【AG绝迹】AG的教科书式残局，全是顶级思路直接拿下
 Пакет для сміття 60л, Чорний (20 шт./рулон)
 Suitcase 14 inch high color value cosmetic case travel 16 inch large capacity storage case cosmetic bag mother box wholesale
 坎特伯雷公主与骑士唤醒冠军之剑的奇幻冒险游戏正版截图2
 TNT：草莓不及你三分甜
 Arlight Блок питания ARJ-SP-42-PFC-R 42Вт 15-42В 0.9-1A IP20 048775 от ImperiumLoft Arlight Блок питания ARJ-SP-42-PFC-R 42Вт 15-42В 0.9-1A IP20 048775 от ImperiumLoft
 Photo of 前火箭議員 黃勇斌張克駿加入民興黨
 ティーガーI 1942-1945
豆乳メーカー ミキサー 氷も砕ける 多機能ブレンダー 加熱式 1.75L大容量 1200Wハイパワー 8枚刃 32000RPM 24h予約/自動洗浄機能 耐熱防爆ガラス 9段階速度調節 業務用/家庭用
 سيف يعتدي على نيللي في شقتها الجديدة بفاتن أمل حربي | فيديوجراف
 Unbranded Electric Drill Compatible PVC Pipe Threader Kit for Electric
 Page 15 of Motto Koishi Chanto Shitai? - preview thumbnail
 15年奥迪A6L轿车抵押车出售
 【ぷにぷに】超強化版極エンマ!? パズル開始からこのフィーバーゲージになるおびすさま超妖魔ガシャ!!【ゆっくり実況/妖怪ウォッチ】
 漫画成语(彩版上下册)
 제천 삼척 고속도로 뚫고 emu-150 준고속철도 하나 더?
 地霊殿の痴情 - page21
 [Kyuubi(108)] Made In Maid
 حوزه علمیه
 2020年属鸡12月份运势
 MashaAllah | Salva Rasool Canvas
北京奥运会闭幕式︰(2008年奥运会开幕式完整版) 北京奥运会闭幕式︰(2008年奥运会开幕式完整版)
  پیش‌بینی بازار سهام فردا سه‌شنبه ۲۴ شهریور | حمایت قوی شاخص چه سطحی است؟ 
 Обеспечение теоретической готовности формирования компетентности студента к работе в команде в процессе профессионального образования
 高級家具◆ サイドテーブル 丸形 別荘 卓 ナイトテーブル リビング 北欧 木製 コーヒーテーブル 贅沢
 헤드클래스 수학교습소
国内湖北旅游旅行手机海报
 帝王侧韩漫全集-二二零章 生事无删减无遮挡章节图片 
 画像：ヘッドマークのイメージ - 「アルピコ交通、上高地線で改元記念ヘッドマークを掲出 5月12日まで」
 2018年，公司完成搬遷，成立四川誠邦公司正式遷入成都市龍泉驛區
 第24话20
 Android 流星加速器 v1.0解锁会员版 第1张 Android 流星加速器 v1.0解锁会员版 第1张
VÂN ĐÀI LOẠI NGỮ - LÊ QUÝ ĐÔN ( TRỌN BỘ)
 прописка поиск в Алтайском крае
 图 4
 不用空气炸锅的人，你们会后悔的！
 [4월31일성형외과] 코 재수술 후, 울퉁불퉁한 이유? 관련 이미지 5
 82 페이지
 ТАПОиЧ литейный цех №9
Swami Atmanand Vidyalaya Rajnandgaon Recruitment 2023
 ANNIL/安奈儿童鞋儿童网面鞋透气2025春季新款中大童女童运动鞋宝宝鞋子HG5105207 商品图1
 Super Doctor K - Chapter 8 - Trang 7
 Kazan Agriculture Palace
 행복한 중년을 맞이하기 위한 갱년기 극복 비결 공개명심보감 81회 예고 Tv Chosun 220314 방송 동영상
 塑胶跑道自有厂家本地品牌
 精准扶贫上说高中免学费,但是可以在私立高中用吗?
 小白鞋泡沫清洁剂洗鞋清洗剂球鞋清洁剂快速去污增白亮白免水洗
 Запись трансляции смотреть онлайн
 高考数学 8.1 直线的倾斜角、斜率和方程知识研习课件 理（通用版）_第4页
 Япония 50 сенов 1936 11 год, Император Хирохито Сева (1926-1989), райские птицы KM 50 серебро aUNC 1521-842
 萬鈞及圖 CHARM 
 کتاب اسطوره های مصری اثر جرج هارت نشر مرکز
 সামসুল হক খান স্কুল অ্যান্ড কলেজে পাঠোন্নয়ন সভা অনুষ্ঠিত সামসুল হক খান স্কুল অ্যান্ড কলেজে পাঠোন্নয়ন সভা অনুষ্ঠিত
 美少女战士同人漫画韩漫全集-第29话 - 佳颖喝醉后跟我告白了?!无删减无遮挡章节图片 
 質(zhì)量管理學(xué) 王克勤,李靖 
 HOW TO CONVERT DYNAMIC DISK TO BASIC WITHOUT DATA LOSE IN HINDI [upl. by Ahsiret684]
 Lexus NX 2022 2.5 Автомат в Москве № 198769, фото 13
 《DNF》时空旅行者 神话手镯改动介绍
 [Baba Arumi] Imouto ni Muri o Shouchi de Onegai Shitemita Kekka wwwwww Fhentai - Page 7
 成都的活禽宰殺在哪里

## Work required
Quote only the lines from the line containing "MashaAllah | Salva Rasool Canvas" through the end of the listing, please, keeping both the first and the last line.

## Response
 MashaAllah | Salva Rasool Canvas
北京奥运会闭幕式︰(2008年奥运会开幕式完整版) 北京奥运会闭幕式︰(2008年奥运会开幕式完整版)
  پیش‌بینی بازار سهام فردا سه‌شنبه ۲۴ شهریور | حمایت قوی شاخص چه سطحی است؟ 
 Обеспечение теоретической готовности формирования компетентности студента к работе в команде в процессе профессионального образования
 高級家具◆ サイドテーブル 丸形 別荘 卓 ナイトテーブル リビング 北欧 木製 コーヒーテーブル 贅沢
 헤드클래스 수학교습소
国内湖北旅游旅行手机海报
 帝王侧韩漫全集-二二零章 生事无删减无遮挡章节图片 
 画像：ヘッドマークのイメージ - 「アルピコ交通、上高地線で改元記念ヘッドマークを掲出 5月12日まで」
 2018年，公司完成搬遷，成立四川誠邦公司正式遷入成都市龍泉驛區
 第24话20
 Android 流星加速器 v1.0解锁会员版 第1张 Android 流星加速器 v1.0解锁会员版 第1张
VÂN ĐÀI LOẠI NGỮ - LÊ QUÝ ĐÔN ( TRỌN BỘ)
 прописка поиск в Алтайском крае
 图 4
 不用空气炸锅的人，你们会后悔的！
 [4월31일성형외과] 코 재수술 후, 울퉁불퉁한 이유? 관련 이미지 5
 82 페이지
 ТАПОиЧ литейный цех №9
Swami Atmanand Vidyalaya Rajnandgaon Recruitment 2023
 ANNIL/安奈儿童鞋儿童网面鞋透气2025春季新款中大童女童运动鞋宝宝鞋子HG5105207 商品图1
 Super Doctor K - Chapter 8 - Trang 7
 Kazan Agriculture Palace
 행복한 중년을 맞이하기 위한 갱년기 극복 비결 공개명심보감 81회 예고 Tv Chosun 220314 방송 동영상
 塑胶跑道自有厂家本地品牌
 精准扶贫上说高中免学费,但是可以在私立高中用吗?
 小白鞋泡沫清洁剂洗鞋清洗剂球鞋清洁剂快速去污增白亮白免水洗
 Запись трансляции смотреть онлайн
 高考数学 8.1 直线的倾斜角、斜率和方程知识研习课件 理（通用版）_第4页
 Япония 50 сенов 1936 11 год, Император Хирохито Сева (1926-1989), райские птицы KM 50 серебро aUNC 1521-842
 萬鈞及圖 CHARM 
 کتاب اسطوره های مصری اثر جرج هارت نشر مرکز
 সামসুল হক খান স্কুল অ্যান্ড কলেজে পাঠোন্নয়ন সভা অনুষ্ঠিত সামসুল হক খান স্কুল অ্যান্ড কলেজে পাঠোন্নয়ন সভা অনুষ্ঠিত
 美少女战士同人漫画韩漫全集-第29话 - 佳颖喝醉后跟我告白了?!无删减无遮挡章节图片 
 質(zhì)量管理學(xué) 王克勤,李靖 
 HOW TO CONVERT DYNAMIC DISK TO BASIC WITHOUT DATA LOSE IN HINDI [upl. by Ahsiret684]
 Lexus NX 2022 2.5 Автомат в Москве № 198769, фото 13
 《DNF》时空旅行者 神话手镯改动介绍
 [Baba Arumi] Imouto ni Muri o Shouchi de Onegai Shitemita Kekka wwwwww Fhentai - Page 7
 成都的活禽宰殺在哪里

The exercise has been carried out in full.